S 4.210 Secure operation of the z/OS operating system
Initiation responsibility: Head of IT, IT Security Officer
Implementation responsibility: Administrator
A z/OS operating system normally operates autonomously for the most part without requiring intervention by the operating personnel. However, some safeguards must be taken to protect operations if the functionalities of a z/OS operating system must be available without any problems:
Surveillance
HMC control
The HMC (Host Management Console) must be checked regularly for reported errors (hardware, microcode, software). Errors reported to the manufacturer by the RSF function (Remote Support Facility) should be known in the company's organisation before the manufacturer calls.
WTOR monitoring
WTOR messages (Write To Operator with Reply) of the z/OS operating system must be monitored in order to ensure that newly added queries of the operating system can be answered immediately, if required. Analogously, this is also applicable to important WTO messages (Write To Operator) of the operating system or its components that may require prompt reactions.
System Tasks
It must be ensured that all planned System Tasks are active. This can usually be identified by means of certain messages during the start-up or reactions of the respective System Task to queries. Usually, it is not sufficient to only check their presence with the help of display commands, but the reaction of the System Task should be checked as well.
Capacity control
It must be ensured that the capacity limits of the system are not exceeded. This means that the planning specifications should be complied with, which must be checked regularly.

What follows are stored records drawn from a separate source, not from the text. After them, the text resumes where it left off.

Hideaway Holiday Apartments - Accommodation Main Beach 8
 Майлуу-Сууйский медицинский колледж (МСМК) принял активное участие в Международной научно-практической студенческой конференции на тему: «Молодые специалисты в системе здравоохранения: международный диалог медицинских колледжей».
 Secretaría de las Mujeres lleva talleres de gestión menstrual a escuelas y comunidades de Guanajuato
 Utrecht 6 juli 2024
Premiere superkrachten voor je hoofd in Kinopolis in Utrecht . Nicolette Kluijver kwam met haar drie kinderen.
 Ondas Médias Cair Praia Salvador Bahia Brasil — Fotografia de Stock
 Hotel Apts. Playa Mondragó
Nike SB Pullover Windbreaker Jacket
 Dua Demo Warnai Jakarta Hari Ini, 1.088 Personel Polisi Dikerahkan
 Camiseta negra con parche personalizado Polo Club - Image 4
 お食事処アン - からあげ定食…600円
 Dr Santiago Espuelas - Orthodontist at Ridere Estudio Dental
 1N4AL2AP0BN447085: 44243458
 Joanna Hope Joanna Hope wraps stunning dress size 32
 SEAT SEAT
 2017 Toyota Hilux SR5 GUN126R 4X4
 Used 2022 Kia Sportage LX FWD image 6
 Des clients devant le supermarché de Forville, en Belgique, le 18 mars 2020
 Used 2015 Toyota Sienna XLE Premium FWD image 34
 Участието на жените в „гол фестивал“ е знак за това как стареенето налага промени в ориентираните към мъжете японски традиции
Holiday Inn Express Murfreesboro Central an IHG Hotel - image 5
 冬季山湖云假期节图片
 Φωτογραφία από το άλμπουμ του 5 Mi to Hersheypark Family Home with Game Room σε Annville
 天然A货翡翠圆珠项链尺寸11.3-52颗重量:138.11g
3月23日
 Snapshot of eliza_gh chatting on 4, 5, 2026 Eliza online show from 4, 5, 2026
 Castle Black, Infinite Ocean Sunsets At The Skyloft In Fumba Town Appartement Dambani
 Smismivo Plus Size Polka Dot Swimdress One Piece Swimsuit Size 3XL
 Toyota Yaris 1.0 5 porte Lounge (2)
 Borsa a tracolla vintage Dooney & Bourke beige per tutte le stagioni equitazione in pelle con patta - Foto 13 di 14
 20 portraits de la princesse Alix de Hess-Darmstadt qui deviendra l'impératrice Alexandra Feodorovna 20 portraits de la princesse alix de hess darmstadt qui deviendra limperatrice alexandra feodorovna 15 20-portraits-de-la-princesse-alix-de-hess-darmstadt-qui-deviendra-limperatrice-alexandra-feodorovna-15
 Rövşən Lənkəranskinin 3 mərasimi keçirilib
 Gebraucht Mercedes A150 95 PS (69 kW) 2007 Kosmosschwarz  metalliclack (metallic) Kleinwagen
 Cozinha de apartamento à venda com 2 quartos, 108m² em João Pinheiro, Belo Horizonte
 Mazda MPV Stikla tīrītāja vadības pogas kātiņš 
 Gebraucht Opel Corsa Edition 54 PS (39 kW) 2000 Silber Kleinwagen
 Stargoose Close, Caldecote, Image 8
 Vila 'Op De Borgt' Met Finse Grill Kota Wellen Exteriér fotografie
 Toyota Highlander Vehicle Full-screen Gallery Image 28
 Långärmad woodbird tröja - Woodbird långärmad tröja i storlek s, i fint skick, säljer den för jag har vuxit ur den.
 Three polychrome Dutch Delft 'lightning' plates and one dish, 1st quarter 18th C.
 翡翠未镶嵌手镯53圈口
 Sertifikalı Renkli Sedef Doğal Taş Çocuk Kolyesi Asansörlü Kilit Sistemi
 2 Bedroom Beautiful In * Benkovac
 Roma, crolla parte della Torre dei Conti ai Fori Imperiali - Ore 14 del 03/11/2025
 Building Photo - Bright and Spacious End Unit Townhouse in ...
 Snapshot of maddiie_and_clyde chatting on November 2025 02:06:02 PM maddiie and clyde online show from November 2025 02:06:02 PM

Monitoring the security violations
Checks must be performed to ensure that the security specifications are complied with. Security violations must be reported using the defined mechanisms (see S 2.292 Monitoring of z/OS systems).
System utilisation
The system utilisation must be monitored with the help of suitable means; corrective actions must be taken in the event of overload, e.g. reduction of the JES2/3 initiator (Job Entry Subsystem).
It must be considered whether additional specific monitors are used in addition to the default functions (RMF - Resource Measurement Facility) in order to monitor the system even more efficiently.
Automation system
It must be considered whether an automation function (as an in-house development or finished product) should be used in order to regularly perform the trivial checks of the system. For example, this includes the target-actual comparison of active tasks and active NJE connections, as well as open replies, system performance, JES2/3 queue allocation, etc. This allows for a uniform system alive message instead of many unstructured messages, whereby the control may be facilitated significantly.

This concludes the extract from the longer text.